Frequently Asked Questions
Q What is going on with this whole analog to digital thing by our government? Do I need a tuner box for my TV?
By February 17, 2009, our government is making all television stations change over to digital. Meaning your old TV will not work without a tuner box.
Q Is it smart to buy an HD TV or keep my TV and get a tuner box?
HD TV's are nice yet expensive. The government has issued out vouchers for $40 off tuner boxes. The HD TV’s have the converter boxes built inside.
Q Is it worth getting an antenna because of all this HD stuff and analog channels turning to digital?
Yes, the antennas that Ottawa Kent Antenna install, are all HD capable. Meaning that the antennas will get all the HD and digital stations.
Q Why would I want an antenna?
Most people have cable or dish in their houses. This is costing them on an average $60 a month. This adds up to around $720 a year. Having an antenna fully installed is only about ½ a year of cable or satellite bills and you will be set for years. FREE TV, and in the Grand Rapids area we have two extra weather stations.
Q Do other people in the Grand Rapids area have antennas? If so, which kind?
More and more are seeing how expensive Dish and cable is and are switching to an antenna for local stations, because it is free. Also with this switch over to digital, you will get more channels for free from your antenna. The type of antenna depends on many factors. You can get the "Area Special" (stationary antenna specifically designed for the Grand Rapids area) or other antennas that are more directional pointing with motors on them to point the antenna in the direction of the desired channel. It is true "you get what you pay for," when it comes to antennas.
Q What channels will I get in my area with an antenna?
Depending on where you live. Most in the greater Grand Rapids area get channels: 3, 8, 13, 17, 35, 41, 43, 54, and 64. If you already have an HD TV, or converter box, then you will receive all the digital channels, (3.1, 3.2, 8.1, 8.2, 8.3, 13.1, 13.2, 17.1, 35.1, 35.2, 35.3, 35.4, 41.1, 41.2, 43.1, 43.2, 54.1, 54.2, 64.1, 64.2)
Q Do I have to have a big antenna on my roof or can I have it installed in the attic?
Generally, antennas do not perform the best in an attic. Even if the antenna performs well outside, signals can be interfered with more easily from other electrical devices in the attic or house. Also, the wood, trusses, shingles, and aluminum can reduce signal 30-50%. Outdoor installation is the most recommended.
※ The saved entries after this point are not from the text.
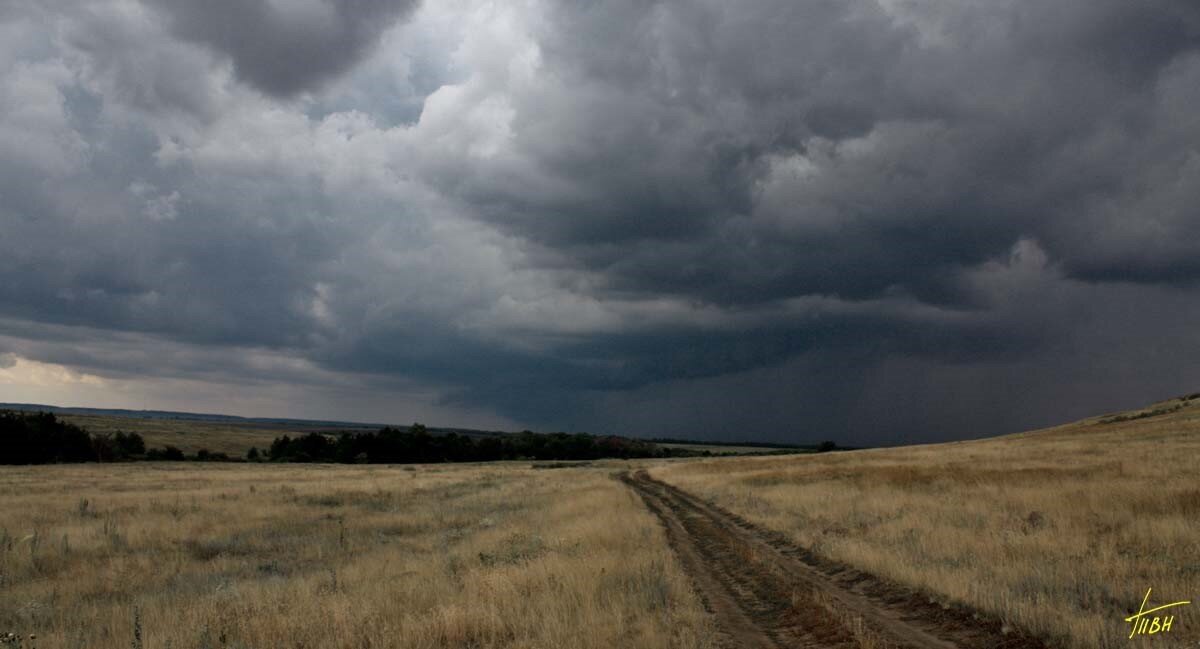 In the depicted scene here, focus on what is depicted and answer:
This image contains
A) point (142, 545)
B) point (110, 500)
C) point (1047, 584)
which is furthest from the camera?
point (110, 500)

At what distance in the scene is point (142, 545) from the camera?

Q I live in the middle of the woods, is that going to be a problem if I want an antenna?
Yes, and No. Trees do play a significant role in your signal, but often times we can put a good antenna up with an amp and shoot through the trees.
Q What is the difference between Digital TV (DTV) and High Definition TV (HDTV)?
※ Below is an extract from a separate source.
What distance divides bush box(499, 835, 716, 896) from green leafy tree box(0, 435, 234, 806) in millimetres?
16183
"HDTV is a type of DTV service. HDTV provides high resolution programming in a widescreen format. A current analog TV picture can provide resolution of up to 480 horizontal lines. An HDTV picture can provide resolution of up to 1080 lines, providing improved picture detail. Aspect ratio is a comparison of screen width to screen height. Analog TV has an aspect ratio of 4 by 3, which means the screen is 4 inches wide for every 3 inches high. Widescreen HDTV format has an aspect ratio of 16 by 9. HDTV programs include Dolby digital surround sound, similar to the sound used in movie theaters and on DVDs." (antennaweb.org)
Q What are the basic rules for TV signal reception?
- Outdoor is generally better. Outdoor antennas have a better view of the transmitting station, with no building-induced signal loss. They receive less interference from other household electronic/electrical appliances, and they are less likely to receive reflected ghost signals from the building structure.
- Higher is better. The higher an antenna is, the more direct signal it can receive from the TV transmitter, while at the same time reducing the reception of interfering signals from other household electronic/electrical appliances and reflected ghost-causing signals from other nearby structures. The higher the better, but any antenna should be at least four feet above the structure to which it is mounted, and ideally above the roof line.
- Closer is better. If a position above the roof line is not possible, the antenna should at least be on the side of your building facing the TV signal broadcast tower.
- Bigger is better. The larger an antenna, the more signal it receives. This is especially important on channels 2-6, where the longer wavelength requires a larger antenna in order to be efficiently received. Larger antennas also become directional which reduces ghosting caused by reflected signals coming from the side and the rear of the receiving antenna.